-
Type:
Bug
-
Resolution: Fixed
-
Priority:
Major - P3
-
Affects Version/s: None
-
Component/s: Live Restore
-
None
-
Environment:GCC 13, Ubuntu 24.04
-
Storage Engines - Persistence
-
88.94
-
None
-
1
__live_restore_fh_read(src/live_restore/live_restore_fs.c) contains a fast path at line 760 that is intended to return immediately when the destination file is fully migrated (WTI_DEST_COMPLETE), bypassing the file lock and the slow path entirely.
The fast path dispatches the read with WT_RET rather than a return. The WT_RET macro only returns from the calling function when the inner expression evaluates to a non-zero (error) value. On success, (which is the normal case) execution falls through and continues into the slow path body at line 763, where __wt_readlock is called. The slow path then re-evaluates WTI_DEST_COMPLETE via __live_restore_can_service_read, returns true and issues a second redundant read from the destination before releasing the lock.

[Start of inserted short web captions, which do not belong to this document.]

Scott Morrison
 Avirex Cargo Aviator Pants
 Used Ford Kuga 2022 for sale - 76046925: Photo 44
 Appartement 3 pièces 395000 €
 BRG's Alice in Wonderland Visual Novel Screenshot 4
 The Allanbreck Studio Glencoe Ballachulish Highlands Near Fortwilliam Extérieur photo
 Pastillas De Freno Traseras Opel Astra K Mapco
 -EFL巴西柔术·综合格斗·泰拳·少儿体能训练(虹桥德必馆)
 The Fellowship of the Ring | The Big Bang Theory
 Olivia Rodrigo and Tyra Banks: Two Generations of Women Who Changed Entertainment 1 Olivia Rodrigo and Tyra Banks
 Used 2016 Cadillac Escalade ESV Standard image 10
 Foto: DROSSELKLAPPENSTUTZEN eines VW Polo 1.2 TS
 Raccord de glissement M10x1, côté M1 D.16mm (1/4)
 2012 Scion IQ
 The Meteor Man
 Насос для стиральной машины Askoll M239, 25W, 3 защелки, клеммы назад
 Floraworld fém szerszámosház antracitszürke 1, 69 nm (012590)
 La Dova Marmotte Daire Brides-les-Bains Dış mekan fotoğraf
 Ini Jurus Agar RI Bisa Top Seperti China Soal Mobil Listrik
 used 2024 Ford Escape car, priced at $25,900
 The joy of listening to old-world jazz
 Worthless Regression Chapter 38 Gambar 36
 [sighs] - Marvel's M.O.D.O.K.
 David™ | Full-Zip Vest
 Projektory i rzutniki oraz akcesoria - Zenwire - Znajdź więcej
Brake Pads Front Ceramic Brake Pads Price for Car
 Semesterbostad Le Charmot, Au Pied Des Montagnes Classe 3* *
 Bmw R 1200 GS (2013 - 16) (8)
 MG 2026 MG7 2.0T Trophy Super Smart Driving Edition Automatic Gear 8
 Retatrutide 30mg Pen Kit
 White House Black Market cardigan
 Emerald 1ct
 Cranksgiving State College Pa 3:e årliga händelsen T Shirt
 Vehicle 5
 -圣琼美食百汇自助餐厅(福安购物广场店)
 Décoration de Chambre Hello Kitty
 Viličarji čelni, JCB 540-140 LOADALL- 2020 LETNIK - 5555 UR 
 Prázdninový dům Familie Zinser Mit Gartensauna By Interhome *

Note: The bug is not a corner case like it fires on every read to every file handle once migration finishes, which is the normal operating state. No data loss or crash occurs, but the fast-path contract is violated, every affected read performs twice the destination I/O, and reads unnecessarily contend with concurrent write locks that the fast path is designed to bypass entirely.
For ReProduce:
A Catch2 regression test in the test/catch2/live_restore/api/test_live_restore_fh_read_fast_path.cpp file (tag is [live_restore_fh_read_fast_path]) demonstrates the defect mechanically.
I intentionally did not include the test code in the PR; we can discuss whether the test code is appropriate for the PR. I have attached the test code. However, I have implemented the fix in the PR.
Purposed Fix:
change at line 761 of src/live_restore/live_restore_fs.c, replace WT_RET with return.